Additionally, the interior surface of the bottom of the base wall is product-friendly, with no sharp edges or protruding ribs throughout the entire bottom section of the base 12. As such, the bottom of the base 12 was designed with smooth drainage channels 36, 38 and raised support surfaces 40 to create a stiff design without the use of ribs or sharp edges. This soft bottom profile ensures that packages do not get ripped, torn, or damaged when placed inside the container.
FIG. 13 is a top view of the base 12. FIG. 14 is a bottom view of the base 12.
FIG. 15 shows two cross-stacked layers of a 7-down configuration of a plurality of the containers 10. In each layer, three containers 10 are arranged with abutting side walls 14. Adjacent these three containers 10 are four containers 10 in a 2×2 array, with the side walls 14 abutting the end walls 16 of the group of three containers 10.
As shown, the second layer is oriented 180 degrees relative to the first layer, such that the three containers 10 in the second layer are substantially arranged on top of the four containers 10 in the first layer, and the 2×2 containers 10 in the second layer are substantially arranged on top of the three containers 10 in the first layer.
In FIG. 16, two of the three containers 10 in the second layer have been removed to show the orientation of the containers 10 in the first layer.
FIG. 17 is a bottom perspective view of the containers of FIG. 15, partially broken away.
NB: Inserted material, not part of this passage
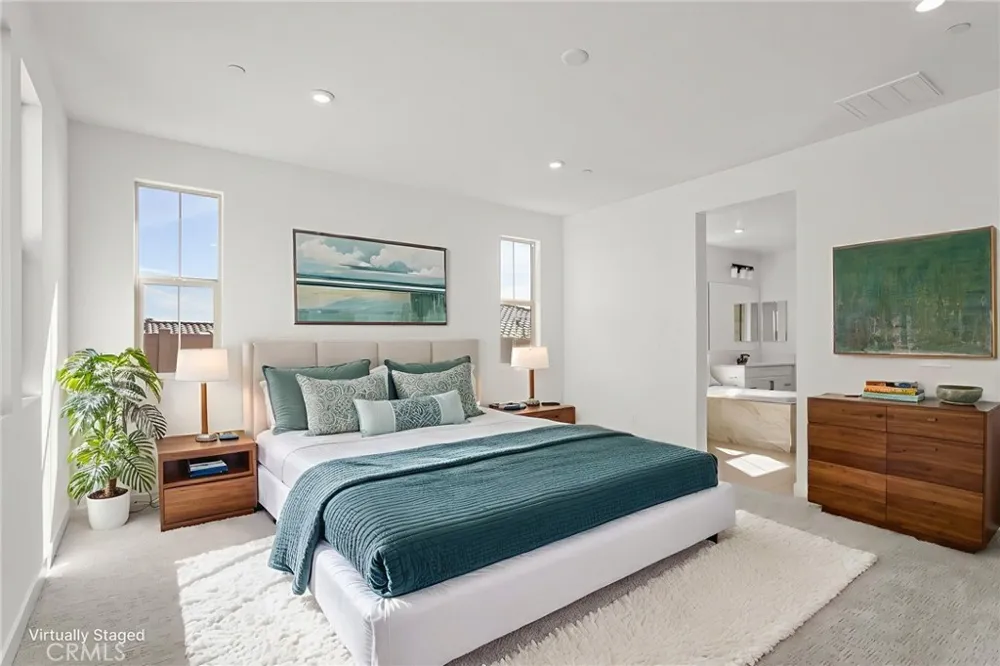 1381 Amanda Glen S Escondido, CA 92029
As shown, the end wall 16 abuts a side wall 14 of another container in the lower layer, and these walls 14, 16 are received in the longitudinal stacking channel 52 of a container 10 in the upper layer. Abutting side walls 14 of two containers 10 in the lower layer are received in the lateral stacking channel 54 of a container 10 of the upper layer.
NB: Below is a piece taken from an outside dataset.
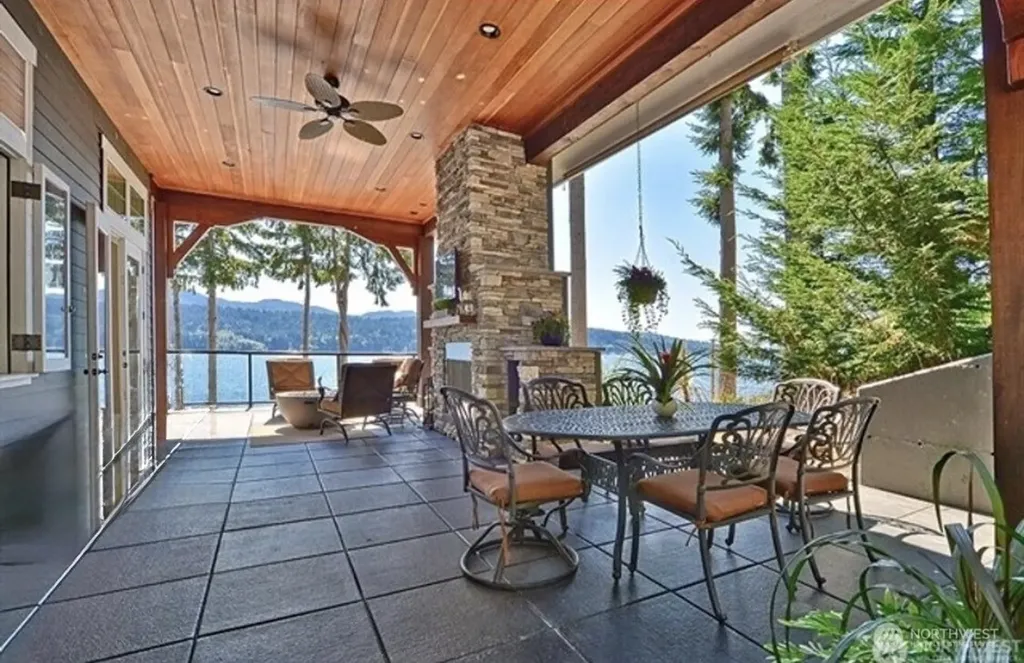 3042 Northshore Road Bellingham WA 98226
The base 12 is integrally molded as a single piece of suitable plastic, as are each of the side walls 14 and end walls 16.
In accordance with the provisions of the patent statutes and jurisprudence, exemplary configurations described above are considered to represent a preferred embodiment of the invention. However, it should be noted that the invention can be practiced otherwise than as specifically illustrated and described without departing from its spirit or scope.